#### Task objective
Output the listing below verbatim.

#### Data for the task
= = = =

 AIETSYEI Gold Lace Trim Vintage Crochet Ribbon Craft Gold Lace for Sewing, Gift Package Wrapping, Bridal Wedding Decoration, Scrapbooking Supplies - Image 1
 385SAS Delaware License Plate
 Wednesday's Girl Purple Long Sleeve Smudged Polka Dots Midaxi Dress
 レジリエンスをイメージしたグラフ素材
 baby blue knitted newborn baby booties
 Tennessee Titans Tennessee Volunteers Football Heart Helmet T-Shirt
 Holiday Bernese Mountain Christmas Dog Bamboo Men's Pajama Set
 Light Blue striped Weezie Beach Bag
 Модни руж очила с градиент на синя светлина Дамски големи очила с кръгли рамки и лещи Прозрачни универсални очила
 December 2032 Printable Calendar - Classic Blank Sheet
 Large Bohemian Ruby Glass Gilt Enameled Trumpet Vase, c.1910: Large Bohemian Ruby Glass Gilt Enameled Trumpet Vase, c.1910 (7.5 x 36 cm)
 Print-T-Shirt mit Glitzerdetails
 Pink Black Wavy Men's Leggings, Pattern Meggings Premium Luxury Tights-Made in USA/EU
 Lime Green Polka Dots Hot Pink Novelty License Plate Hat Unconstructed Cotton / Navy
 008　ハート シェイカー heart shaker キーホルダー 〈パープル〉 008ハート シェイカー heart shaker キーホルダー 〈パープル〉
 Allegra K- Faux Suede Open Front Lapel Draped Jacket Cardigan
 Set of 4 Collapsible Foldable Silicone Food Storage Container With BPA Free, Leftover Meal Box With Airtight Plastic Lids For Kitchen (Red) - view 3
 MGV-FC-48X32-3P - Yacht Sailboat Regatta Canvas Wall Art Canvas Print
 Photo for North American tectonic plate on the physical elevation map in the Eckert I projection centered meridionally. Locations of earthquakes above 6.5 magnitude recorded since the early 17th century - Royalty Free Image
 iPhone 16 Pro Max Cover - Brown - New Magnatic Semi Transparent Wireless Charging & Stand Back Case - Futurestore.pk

= = = =

#### Answer to the problem
 AIETSYEI Gold Lace Trim Vintage Crochet Ribbon Craft Gold Lace for Sewing, Gift Package Wrapping, Bridal Wedding Decoration, Scrapbooking Supplies - Image 1
 385SAS Delaware License Plate
 Wednesday's Girl Purple Long Sleeve Smudged Polka Dots Midaxi Dress
 レジリエンスをイメージしたグラフ素材
 baby blue knitted newborn baby booties
 Tennessee Titans Tennessee Volunteers Football Heart Helmet T-Shirt
 Holiday Bernese Mountain Christmas Dog Bamboo Men's Pajama Set
 Light Blue striped Weezie Beach Bag
 Модни руж очила с градиент на синя светлина Дамски големи очила с кръгли рамки и лещи Прозрачни универсални очила
 December 2032 Printable Calendar - Classic Blank Sheet
 Large Bohemian Ruby Glass Gilt Enameled Trumpet Vase, c.1910: Large Bohemian Ruby Glass Gilt Enameled Trumpet Vase, c.1910 (7.5 x 36 cm)
 Print-T-Shirt mit Glitzerdetails
 Pink Black Wavy Men's Leggings, Pattern Meggings Premium Luxury Tights-Made in USA/EU
 Lime Green Polka Dots Hot Pink Novelty License Plate Hat Unconstructed Cotton / Navy
 008　ハート シェイカー heart shaker キーホルダー 〈パープル〉 008ハート シェイカー heart shaker キーホルダー 〈パープル〉
 Allegra K- Faux Suede Open Front Lapel Draped Jacket Cardigan
 Set of 4 Collapsible Foldable Silicone Food Storage Container With BPA Free, Leftover Meal Box With Airtight Plastic Lids For Kitchen (Red) - view 3
 MGV-FC-48X32-3P - Yacht Sailboat Regatta Canvas Wall Art Canvas Print
 Photo for North American tectonic plate on the physical elevation map in the Eckert I projection centered meridionally. Locations of earthquakes above 6.5 magnitude recorded since the early 17th century - Royalty Free Image
 iPhone 16 Pro Max Cover - Brown - New Magnatic Semi Transparent Wireless Charging & Stand Back Case - Futurestore.pk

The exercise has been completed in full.